A look at the offense of the Colorado Buffaloes, who take on the UCLA Bruins this Saturday in the Rose Bowl.

Ron Chenoy-USA TODAY Sports

The Pacific 12 Conference has not been kind to the University of Colorado. They're off to another tough start in conference, dropping their first 4 Pac-12 games this season with big losses to Oregon, Arizona State, Arizona and Oregon State. They are coming off of a victory, against Charleston Southern as a replacement for their cancelled Fresno State game.

Bellerophon previewed the Buffaloe's (Buffalo's? Buffs? I am not a fan of words that can be singular and plural.) coaching and special teams and AHMB looked at the Colorado defense.

Today, I'll be previewing the offense that will have to deal with the likes of Anthony Barr, Jordan Zumwalt, Myles Jack and (hopefully not too much of for injuries-sake) Eric Kendricks.

Overall, Colorado has not had a ton of success on offense this season, they rank 88th in total offense at 377 yards per game and 81st in scoring offense at just under 27 points per game. These are steps up from last season, but still near or at the bottom of the Pac-12 in most offensive categories.

Their rushing offense ranks 101st in the nation at 127.9 yards per game and that is good for 9th in the Pac-12 (ahead of WSU and OSU, the two worst rushing teams in the NCAA and also UC Berkeley).

The passing offense is 74th in the NCAA is passing efficiency and 54th in passing offense, both fairly mediocre numbers. Their yards per completion is much higher at 33rd (13.23 YPC) and that is 3rd in the Pac-12 (behind only Oregon and Stanford). The deep threats on Colorado are a real concern, but if the big play is taken away, their offense is not intimidating through the air.

Their third down conversion rate tells a lot of the story as to why they've struggled so much on offense, as Colorado has converted just 33 of their 101 3rd down attempts, ranking 104th in the nation and 10th in the Pac-12 (only Utah and Southern Cal are worse).

Offensive Line

The numbers that can be tied to the offensive line aren't awful. They are tied for 47th in pass sacks allowed at 1.71 per game (4th in the Pac-12), though they have played 2 FCS teams which reduces that number by a bit. 35th in tackles for loss allowed at just 5 per game (4th in the Pac-12).

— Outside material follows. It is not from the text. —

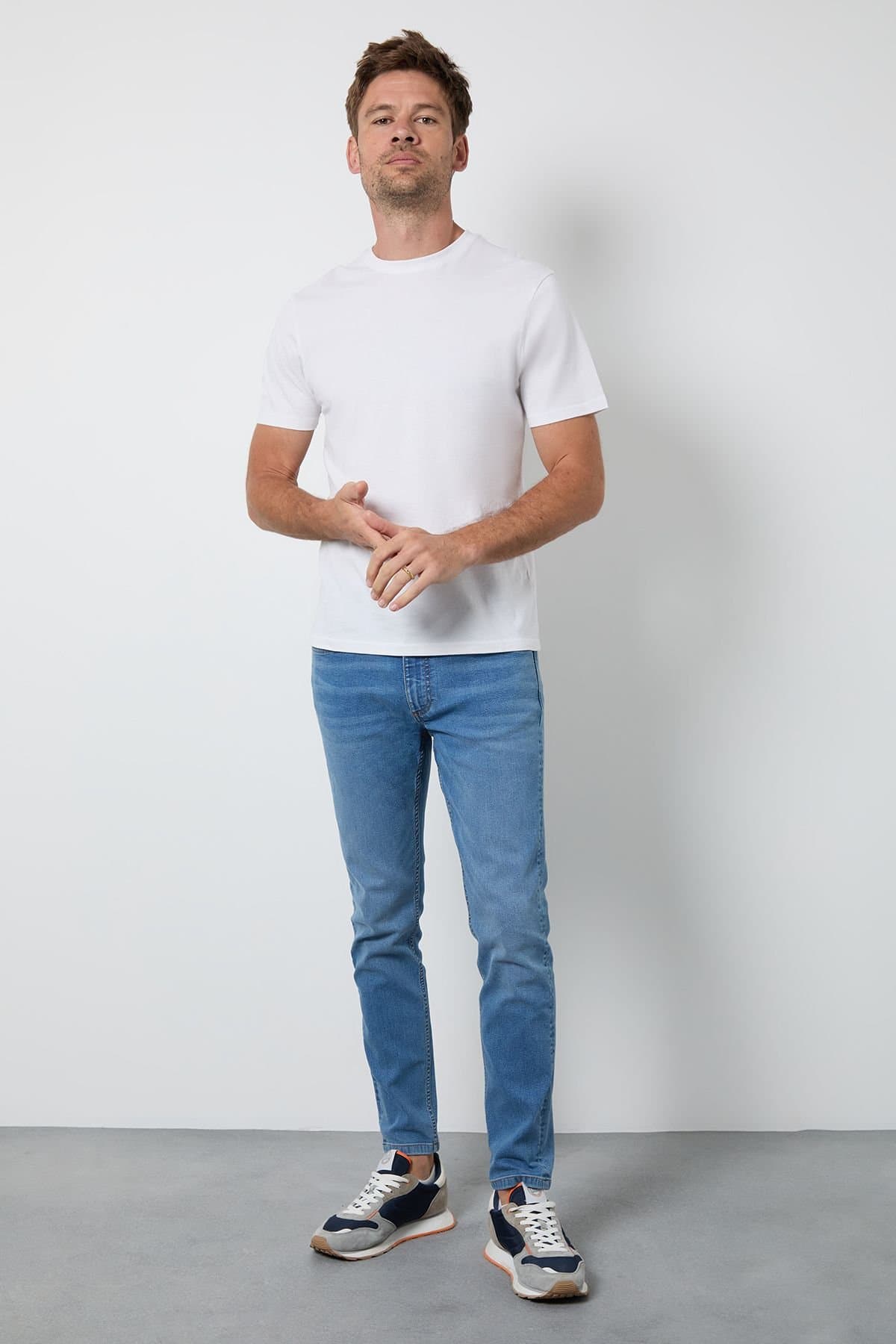 Burton Burton Men's Stone Wash Skinny Fit Jean in Blue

It's been a healthy unit with all 5 starters playing the majority of snaps in every game. Kaiwi Crabb (6'3". 300), Gus Handler (6'3", 290), Jack Harris (6'7", 295), Daniel Munyer (6'2", 290) and Stephane Nembot (6'7", 305) have carried the load up front for Colorado all year. Expect to see freshman Alex Kelley (6'2", 310), as he has gotten snaps in all but one game. That group of 6 is made up of 2 seniors, 2 juniors, 1 sophomore and 1 freshman for an experience comparison to UCLA's front 5.

Running Game

There are three players with more than 40 carries on Colorado's offense. Michael Adkins II, Tony Jones and former UCLA fullback commit Christian Powell.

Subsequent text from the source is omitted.